Because there is no instrument known today which can be pointed at a stone structure and tell us when the stones were placed on top of one another, the origins of the structures at Gungywamp remain a mystery and a controversy. It is quite certain that their construction resembles that used in Celtic stone chambers found in Europe and the British Isles. Also, the existence of celestial alignments tends to argue against the conventional explanation that the stone structures found in the northeastern United States are all colonial constructions meant to house vegetables, beer, or sheepskins. It is certainly possible that colonial beer cellars could accidentally line up with celestial events, but the fact that time after time these chambers are found to contain celestial alignments (chambers built in widely varying locations) argues against coincidence.

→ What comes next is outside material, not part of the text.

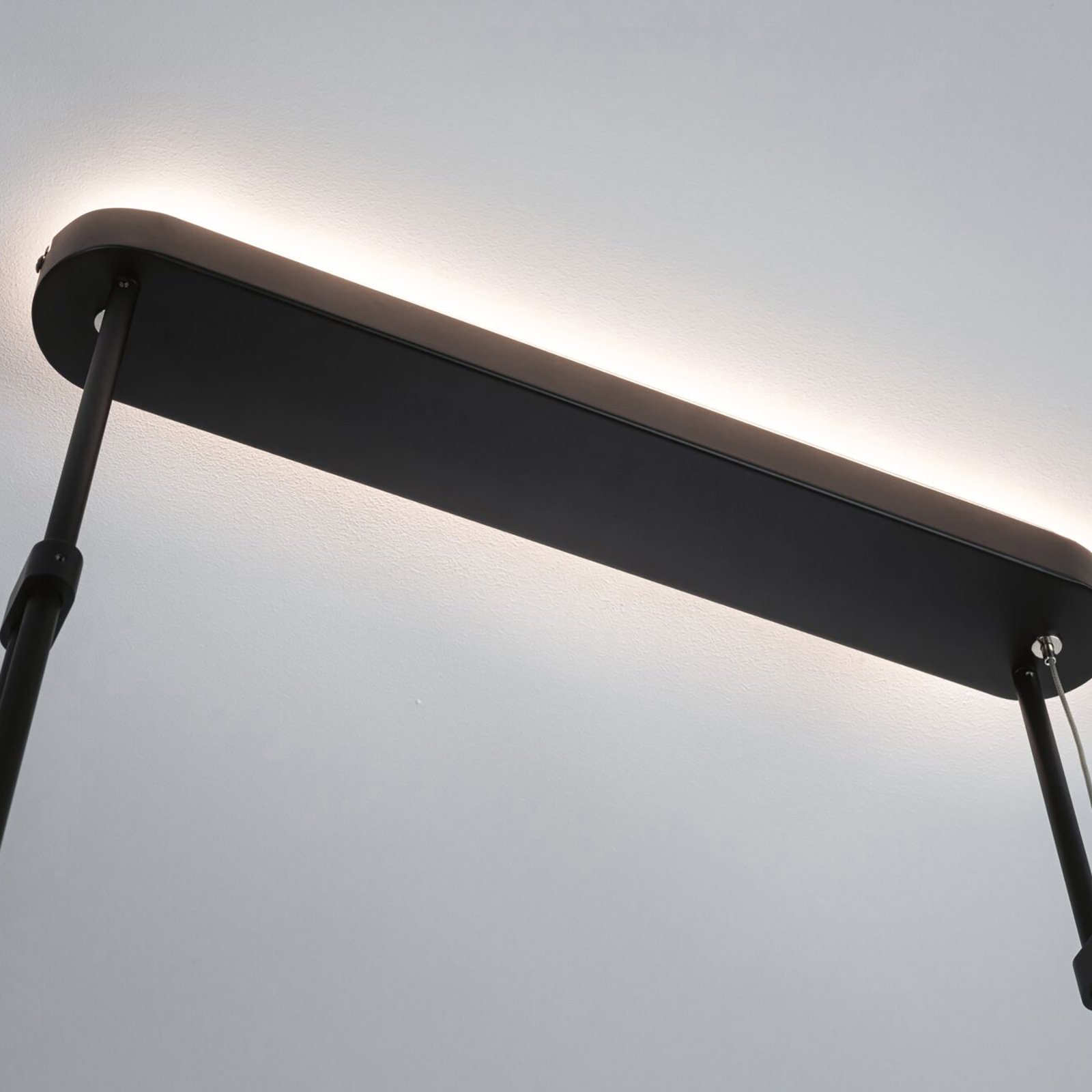 Puric Pane 6 Suspension Fixed Zigbee Dim. Noir - Paulmann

At Gungywamp, for example, there is a magnificent chamber mound -- pictured above -- known as the "Calendar Chamber," the entrance to which is oriented to the east and which contains a "light-box" or stone-framed aperture in the rear which admits the light of the setting sun on the afternoon of the equinoxes. The square of light which enters the chamber on those days illuminates a distinctive recessed side chamber (which is small and low to the ground on the right when you enter the Calendar Chamber).

Like the much larger passage mounds of the Boyne River Valley in Ireland which were described by Martin Brennan in his must-read book The Stars and the Stones, the Calendar Chamber is covered with dirt (and is almost invisible from any angle except from the front). The ceiling slabs are massive and completely flat on the bottom, and they span the entire distance from wall to wall, fitted together with an impressive degree of skill. Some excellent diagrams and drawings of the Calendar Chamber can be found on the "Gungywamp Virtual Tour" website, towards the bottom of the long web page.

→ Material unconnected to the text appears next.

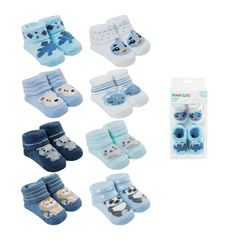 Kit Meia Pimpolho 2 Pares RN Masculina Sortido REF 0301523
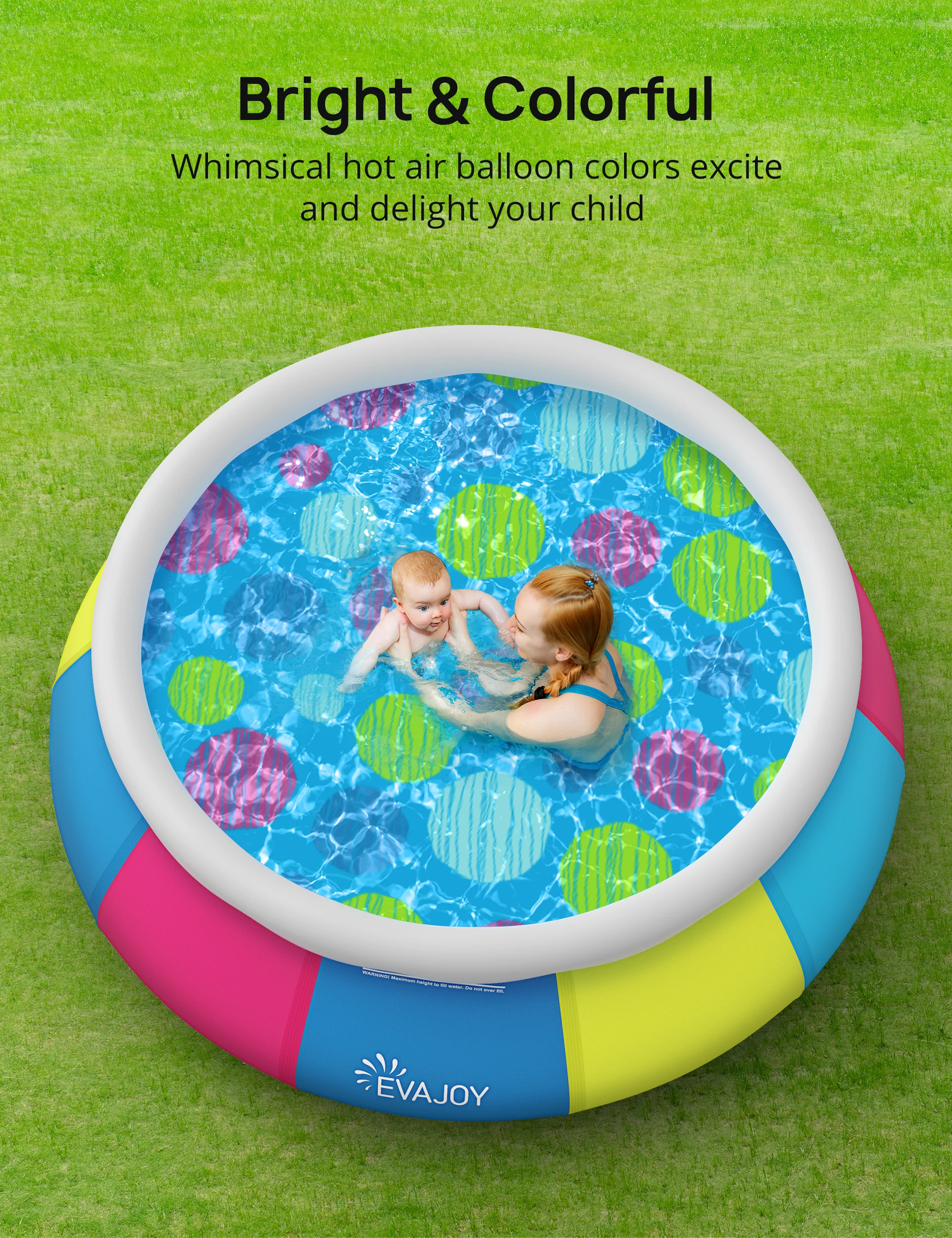 Evajoy Inflatable Swimming Pool Above Ground Pool 10ft x 30in Fast Set Pools WM - Image 4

A nearby chamber, much smaller, apparently was not discovered until fairly recently in 1950, when a hurricane knocked down a tree, exposing the entrance to the chamber which had been buried beneath the roots. This chamber, referred to by some authors as "The Tomb" and by others as "The Ice House" (under the theory that it was meant to keep beer cool) faces to the south. The descending afternoon sun can be seen between the trees in the photograph below, taken on the 2nd of October 2011 and thus about nine days after equinox. The beams from this descending sun are heading towards the light-box aperture of the Calendar Chamber, which is located only 30 or 40 feet to the east of this smaller chamber.

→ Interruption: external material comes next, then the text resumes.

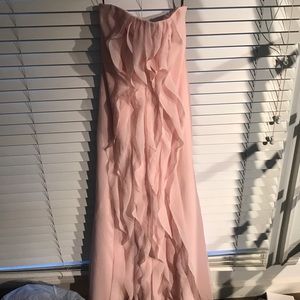 Vera Wang White Long Dress Gown - Size 0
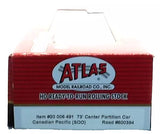 Atlas 20006491 CP/SOO 600394 73' Center-Partition Centerbeam Flatcar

Like the Calendar Chamber, this smaller chamber has impressively large slabs forming the roof, and the stone which forms the inward-leaning right wall is also quite large and probably weighs at least 500 pounds.

Near both this small chamber and the Calendar Chamber is a beautiful and justifiably famous stone circle, an image of which can be found on Wikipedia and another photograph of which can be found in Barry Fell's America BC. It is uphill and north of the smaller chamber, and it is west and a little north of the Calendar Chamber. Below is a photograph of the stone circle taken from the south looking to the north.

















It is indeed possible, and in fact highly likely judging by the similarity to ancient Celtic sites in Europe, that Gungywamp is very ancient and possibly important evidence of ancient trans-Atlantic contact. By any estimation, it is a true "world heritage site" containing historic evidence of bygone cultures which should be respected and preserved.

Sadly, like so many of the stone structures scattered throughout North America, it is not protected and is subject to desecration at the hands of vandals. When one sees the garbage left there, and the evidence of campfires right among the ancient stones, the secrecy that surrounds the exact directions to this archaeological treasure becomes understandable.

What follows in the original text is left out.